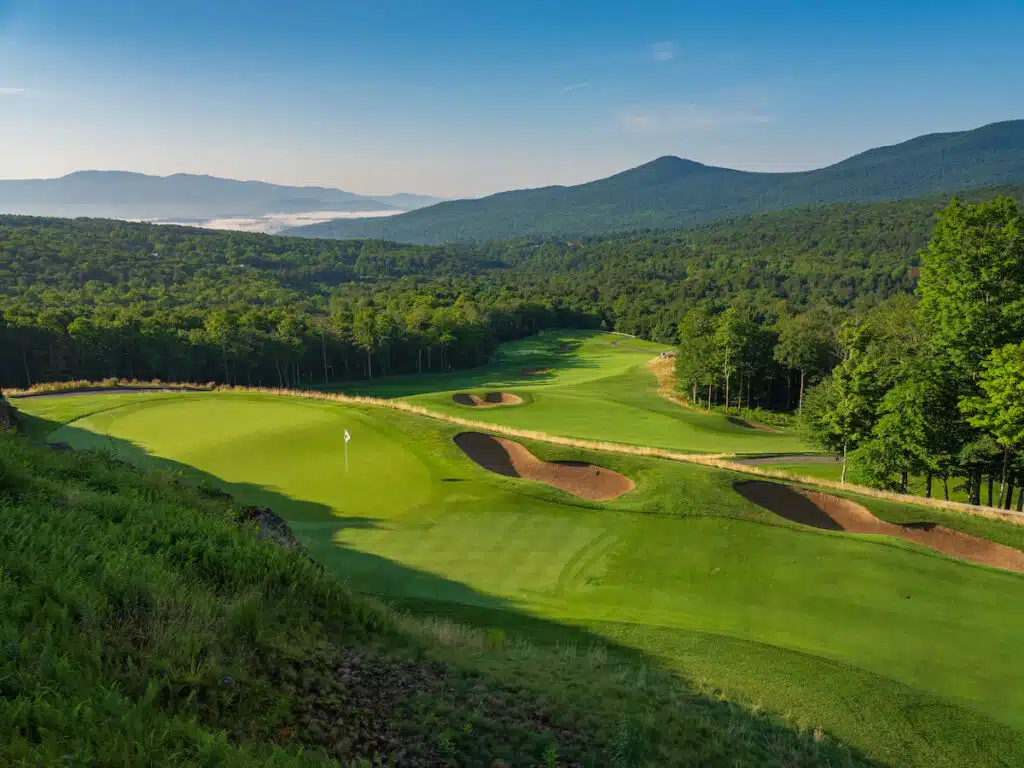 A scenic golf course with lush greens, sand bunkers, and mountains in the background under a clear sky.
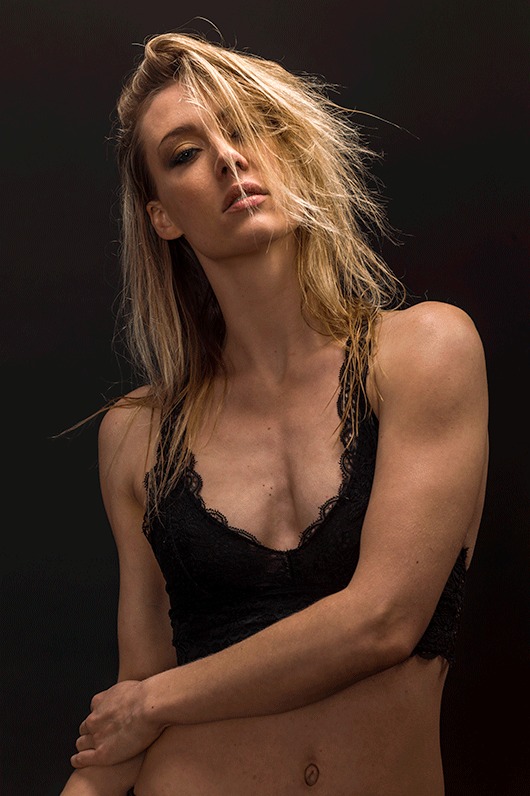 Blonde woman in a black top photographed against a dark background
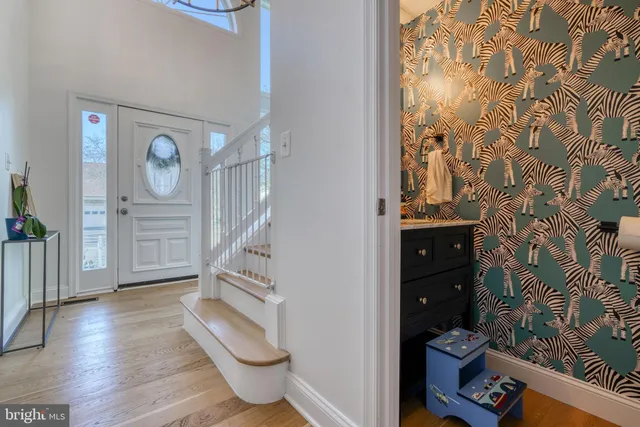 a kitchen with stainless steel appliances granite countertop a sink a stove and refrigerator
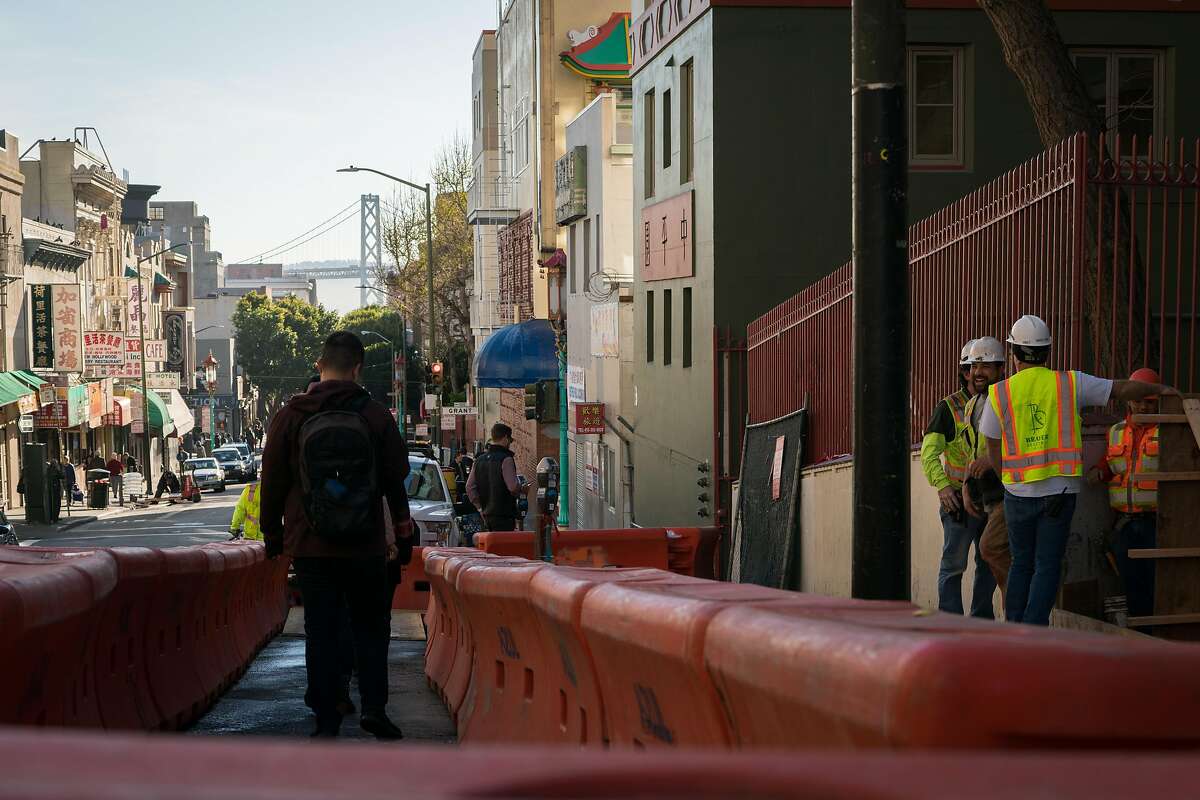 People walk past construction at the Ping Yuen housing development building in Chinatown in San Francisco, Calif. on Tuesday, March 27, 2018.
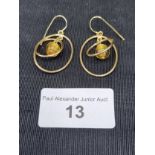 Pair of heavy usual 9ct gold earrings amber style setting .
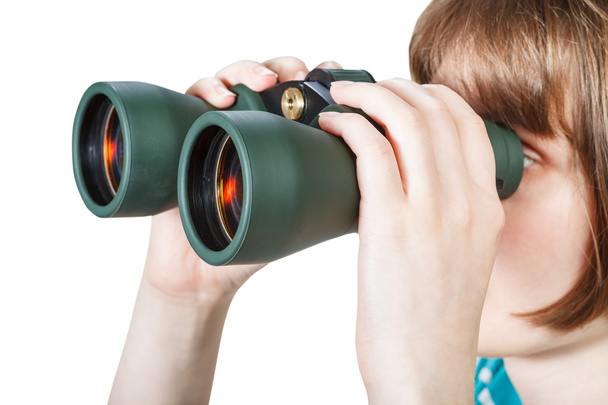 girl looks through binoculars isolated on white - Photo, image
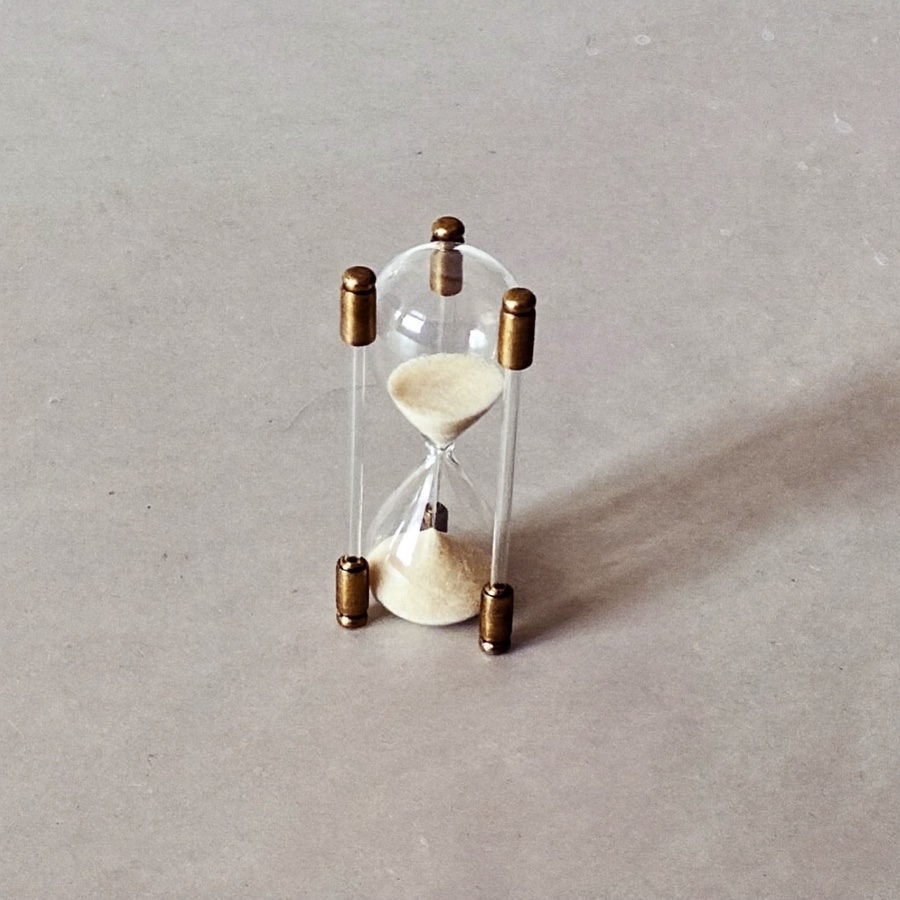A small hourglass on grey stone, for an article on short term career goals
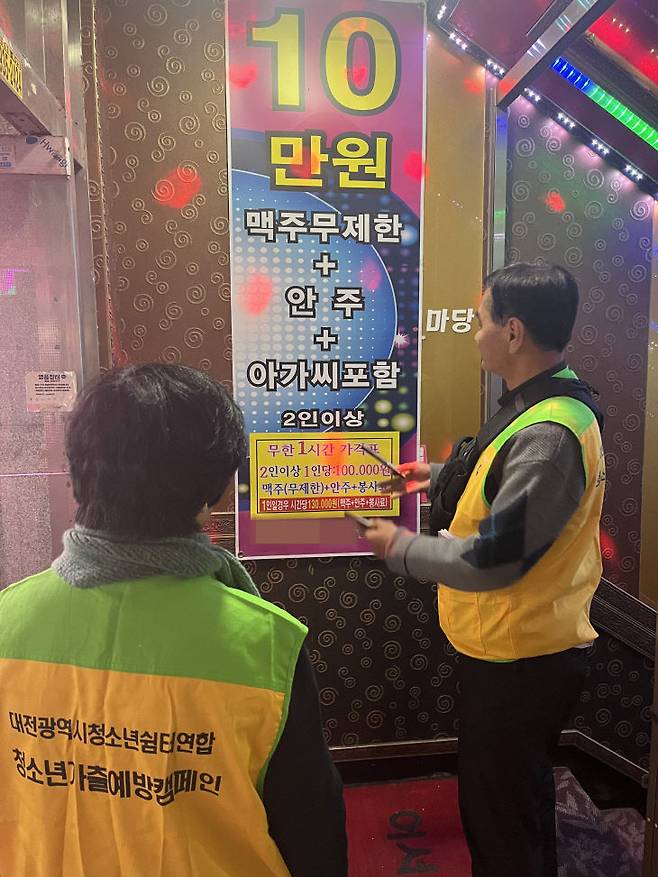 대전위기청소년지원네트워크 관계자들이 대전 신탄진역 앞 학생들 통학로에 있는 업소에 여성을 상품처럼 표현한 광고물을 모니터하고 있다. (사진=청소년지원네트워크 제공)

● WHAT YOU WILL DO: Pick up at the line containing "People walk past" and copy each line exactly until the data ends, including that last line; copy no pictures.

● EXPECTED OUTPUT:
 People walk past construction at the Ping Yuen housing development building in Chinatown in San Francisco, Calif. on Tuesday, March 27, 2018.
 Pair of heavy usual 9ct gold earrings amber style setting .
 girl looks through binoculars isolated on white - Photo, image
A small hourglass on grey stone, for an article on short term career goals
 대전위기청소년지원네트워크 관계자들이 대전 신탄진역 앞 학생들 통학로에 있는 업소에 여성을 상품처럼 표현한 광고물을 모니터하고 있다. (사진=청소년지원네트워크 제공)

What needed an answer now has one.